***** PROVIDED RECORDS
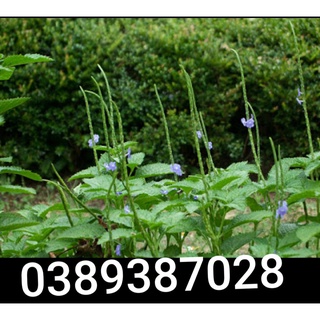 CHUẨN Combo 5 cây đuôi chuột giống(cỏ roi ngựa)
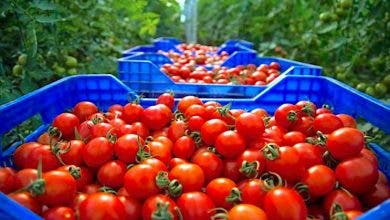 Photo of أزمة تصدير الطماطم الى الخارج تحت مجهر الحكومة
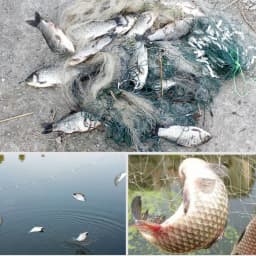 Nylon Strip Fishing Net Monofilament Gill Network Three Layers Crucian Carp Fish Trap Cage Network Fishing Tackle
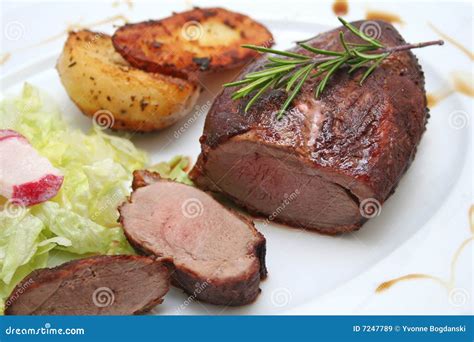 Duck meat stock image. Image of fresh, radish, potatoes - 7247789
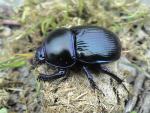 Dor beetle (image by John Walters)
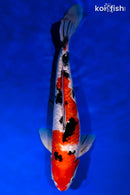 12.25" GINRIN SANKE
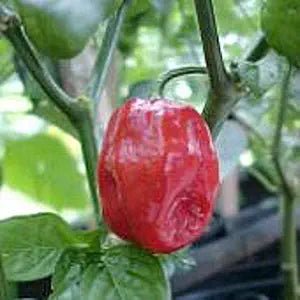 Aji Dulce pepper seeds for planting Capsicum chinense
**********
(PROBLEM DESCRIPTION):
Without the pictures, print all of the records exactly.

(TASK OUTPUT):
 CHUẨN Combo 5 cây đuôi chuột giống(cỏ roi ngựa)
 Photo of أزمة تصدير الطماطم الى الخارج تحت مجهر الحكومة
 Nylon Strip Fishing Net Monofilament Gill Network Three Layers Crucian Carp Fish Trap Cage Network Fishing Tackle
 Duck meat stock image. Image of fresh, radish, potatoes - 7247789
 Dor beetle (image by John Walters)
 12.25" GINRIN SANKE
 Aji Dulce pepper seeds for planting Capsicum chinense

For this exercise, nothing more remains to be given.